We plan to rebuild from scratch (the existing product is outdated by years, in terms of visual and internal design and programming). Although the product features (a Rails based web project) are already installed, the question arises: what is your workflow here? The fun part: how and when do you make your screen?

We plan to do this in the following order:

  • Pencil and Paper Design: Simply specify how the screens look and render visitor functions and patterns.
  • Send mockups from point 1 to designers, talk to them and let them work in parallel with programming on designs.
  • First implementation, simple color HTML layout based on point 1 (automated tests, functionality, BDD, TDD)
  • Integrate projects with a product prototype
  • Design the rough edges with the design team to complete the product.
  • Release Beta Product for Client Testing

Do you have similar workflows? Are there any suggestions for improvement? But the most important thing for me: how exactly do you do point 1?

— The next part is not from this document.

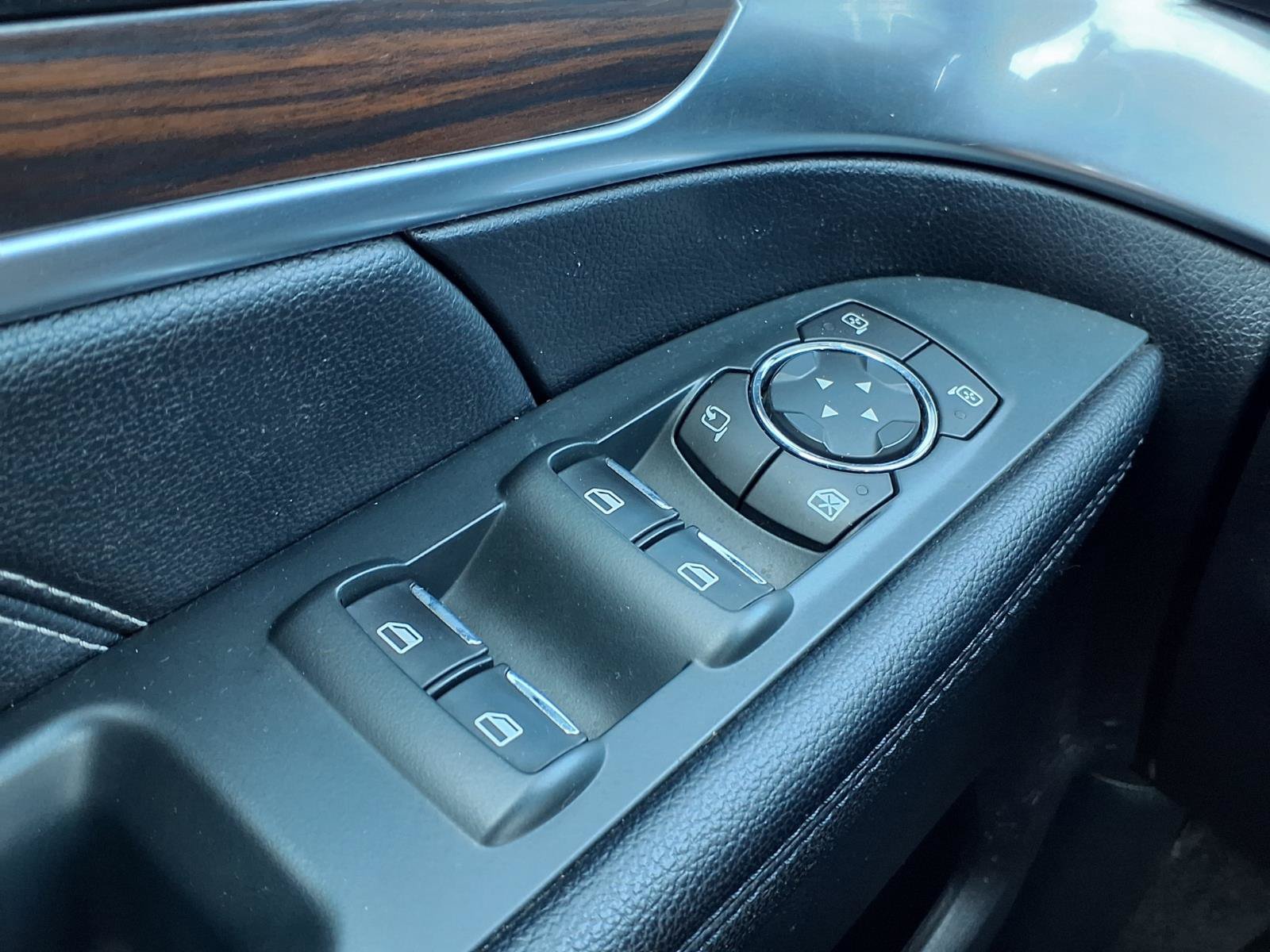 Used 2018 Ford Explorer Limited AWD/4WD image 21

While not entirely related to programming, I still believe it should belong to StackOverflow as it is important for anyone doing big projects. We know from the past that good screen design is always critical and difficult if you try to do it while programming and even harder to deploy after prototyping.

Update: I found Balsamiq Mockups to be a very useful tool for performing mockups. There is also an open question: how best to render visitor templates.

Update: We were able to use Balsamiq Mockups to create a nice design for the client, and we were able to successfully integrate this into existing web content. The client is so comfortable with the new ideas that he plans to redesign the complete website.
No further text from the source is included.